DATASET CONTENT:

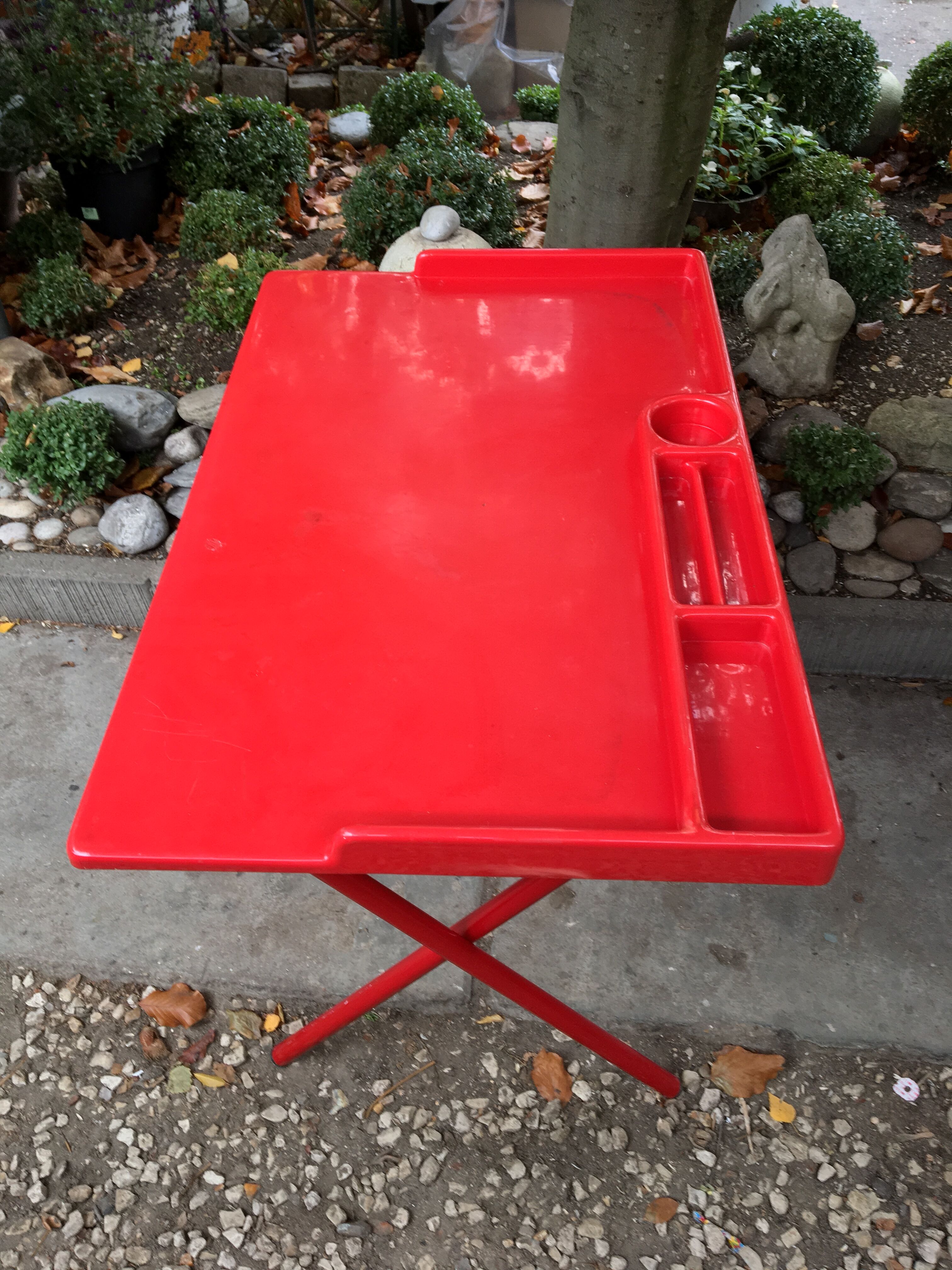 Red lacquered desk 70s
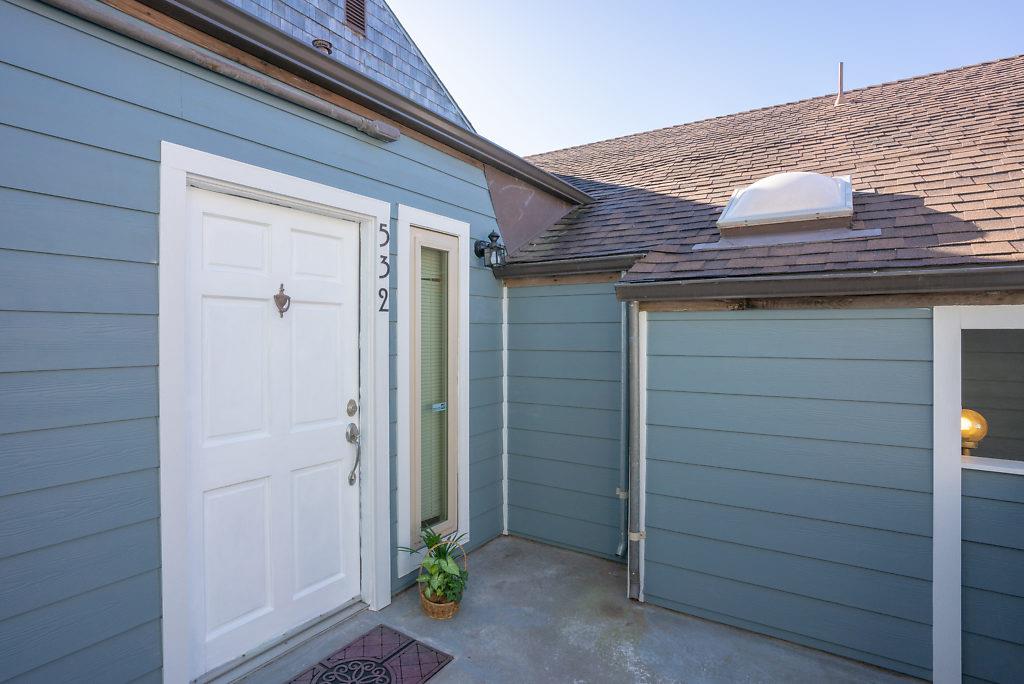 532 Monterey Road Pacifica, CA 94044 - Photo 4 of 41 a view of wooden door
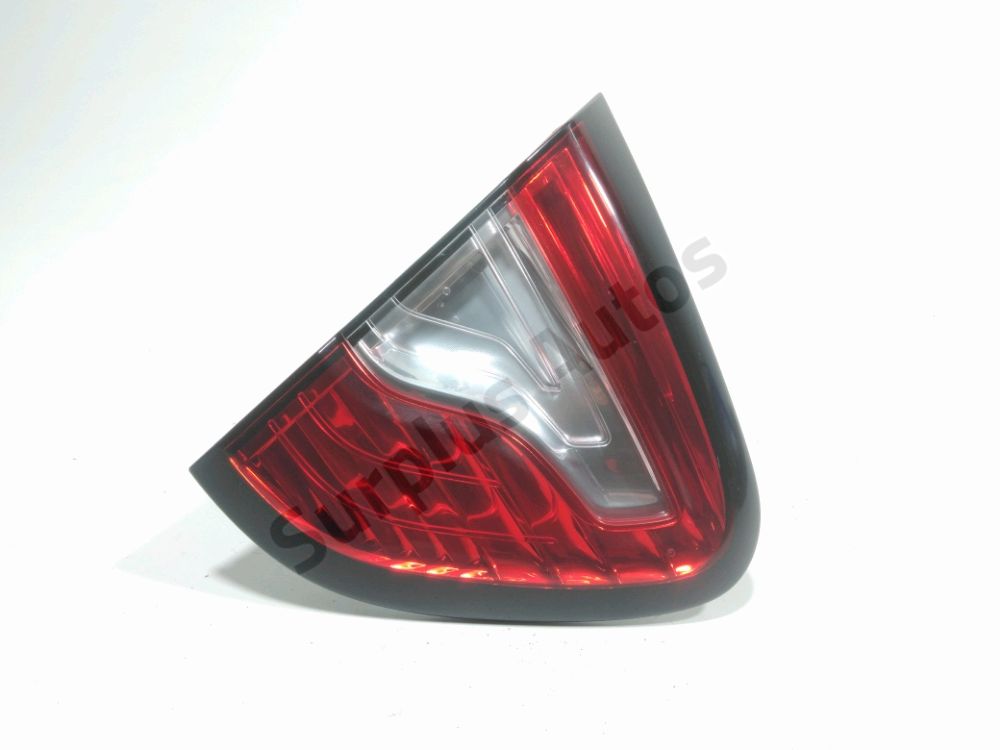 Feu arrière intérieur gauche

WHAT YOU WILL DO: The answer is the listing above restated word for word, pictures removed.

YOUR SOLUTION:
 Red lacquered desk 70s
 532 Monterey Road Pacifica, CA 94044 - Photo 4 of 41 a view of wooden door
 Feu arrière intérieur gauche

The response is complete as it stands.